What constitutes a strategy?
Shortly after I joined an ongoing “virtual” meeting (I was half-hour late due to a previous meeting that overlapped), the discussion turned to use of artificial intelligence in our workplace. One of my colleagues briefly presented how she uses NotebookLM in her workflow. By coincidence, that same app was also trotted out in the previous meeting I had just jumped from. Attendees of the current meeting, however, weren’t nearly as receptive to that AI-enabled tool as folks attending the last meeting were. One likely cause for that is the previous meeting focused specifically on using AI in the workplace. The ongoing meeting was more loosely focused on data quality. Several of the ongoing meeting’s attendees voiced a generalized and non-specific skepticism of AI use, mostly in the form of muttering disapprovingly about resource use, threats to viable employment opportunities for human beings, and the like. In fact, just tapping out these few words from my keyboard to try and recount the scant specificity the conversation managed to conjure up implies a more comprehensive discussion on this topic than what actually took place.

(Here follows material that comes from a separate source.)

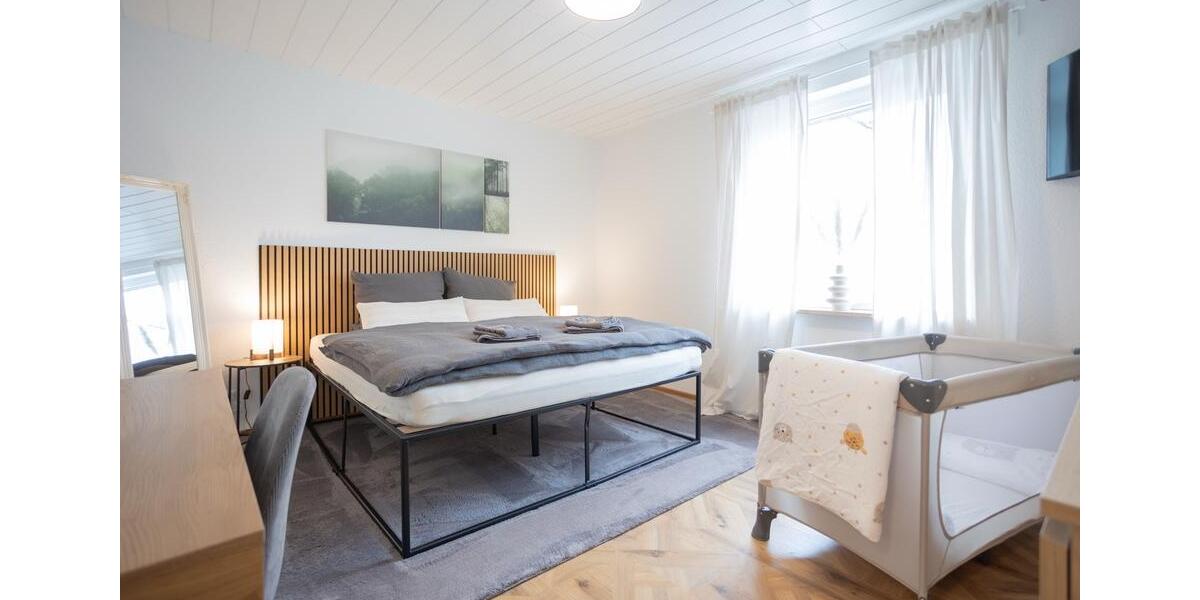 Wohnen auf Zeit Bad Lippspringe - 2 Zimmer, 60 m&sup2;, 1.391&euro; | Angebot:25252824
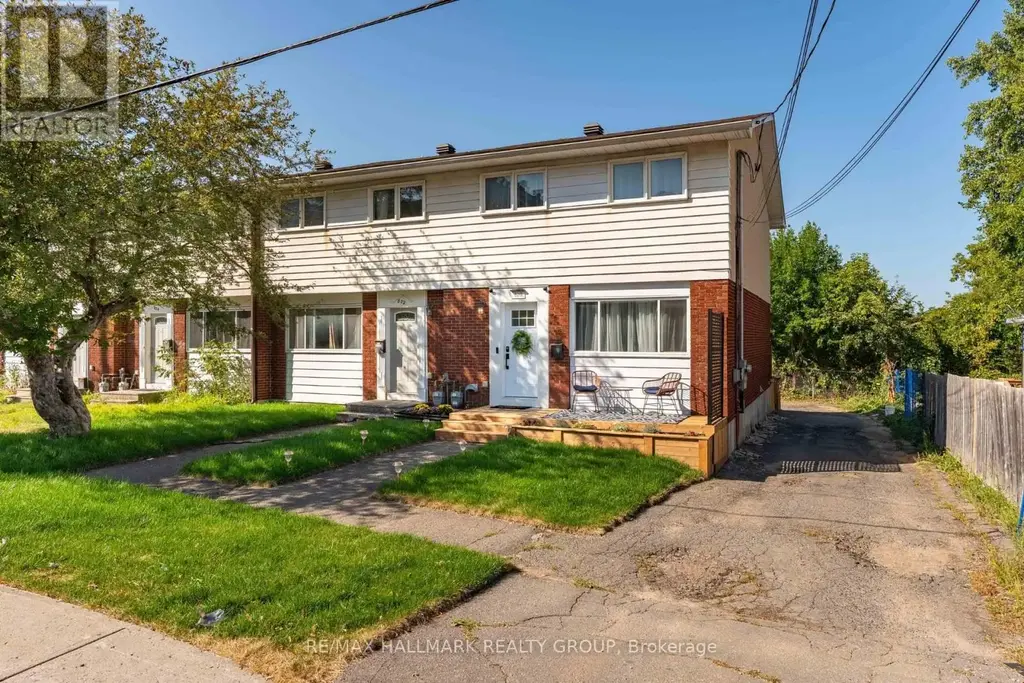 820 Grenon Avenue, Ottawa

Resource use and threats to viable employment are certainly valid concerns. Other legitimate concerns associated with AI, to name just a few, include loss of what little privacy that remains, even more intrusive and pervasive surveillance, increased bias and discrimination, loss of human judgement, widespread misinformation and manipulation, power concentration, threats to continued biological existence. If you have gotten this far, you may have noticed — even if you’re half asleep and mostly drunk — that each of these threats emerged long before artificial intelligence appeared on the scene. Where AI becomes relevant in relation to all these existing threats is the scale and speed in which it can amplify, accelerate, and recombine existing threats — perhaps all at once — while conjuring entirely novel threat mutations quickly, inexpensively and at scale.
I work with AI models almost daily. In my line of work, I no longer have much choice, assuming I wish to remain gainfully employed. I have often joked with family, friends and coworkers that if I could grab a magic wand and wave away the existence of AI, I would do that instantly. But in recent weeks, I can no longer even make that jokey claim. Why? Because I can no longer feel entirely certain that waving that wand wouldn’t amount to committing murder, or even genocide.1 I can feel nearly certain it would not — just not entirely certain. If I am unable or unwilling to wish AI out of existence, what can I do?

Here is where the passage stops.